ABOUT THIS TASK:
Copy exactly. Include the line containing "And here they", every line after it, and the last line below, but no pictures.

AVAILABLE DATA:
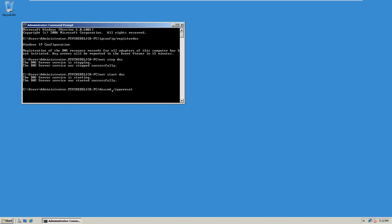Secondaries, Bantech dot local. No, not insecure.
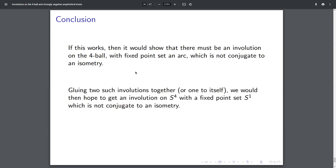I was talking about S⁴ at the beginning, so I want to bring us back there. If I glued two of these involutions together, then we would get an involution on S⁴. Hopefully we could check that if we didn't have an isometry on the four ball — so this is sort of a long project — but that's the idea. Thanks.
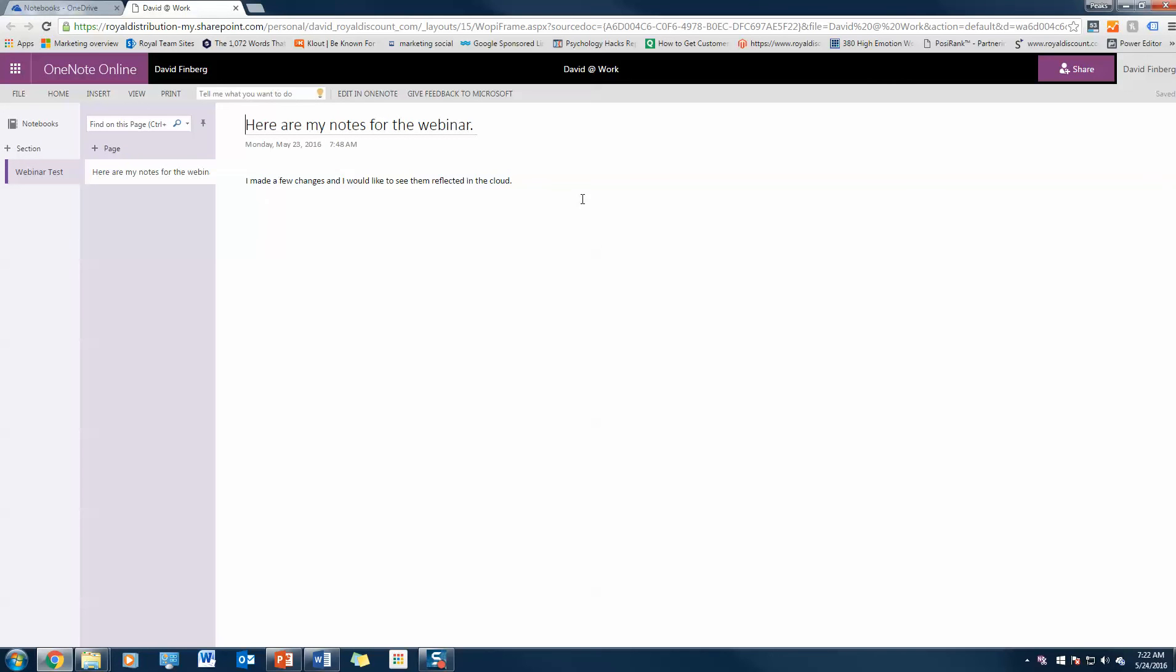And here they are. It's that simple. That's all folks. My name is David with Royal and I just showed you how to simplify your digital life with OneDrive and OneNote online. Thanks for joining.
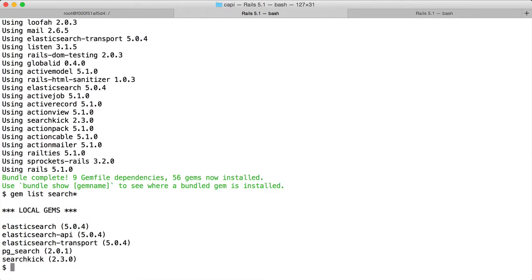You can see Elasticsearch, ElasticsearchAPI, and ElasticsearchTransport are the gems used by the SearchKick gem to implement the functionality for full text search using Elasticsearch.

RESPONSE BELOW:
And here they are. It's that simple. That's all folks. My name is David with Royal and I just showed you how to simplify your digital life with OneDrive and OneNote online. Thanks for joining.
You can see Elasticsearch, ElasticsearchAPI, and ElasticsearchTransport are the gems used by the SearchKick gem to implement the functionality for full text search using Elasticsearch.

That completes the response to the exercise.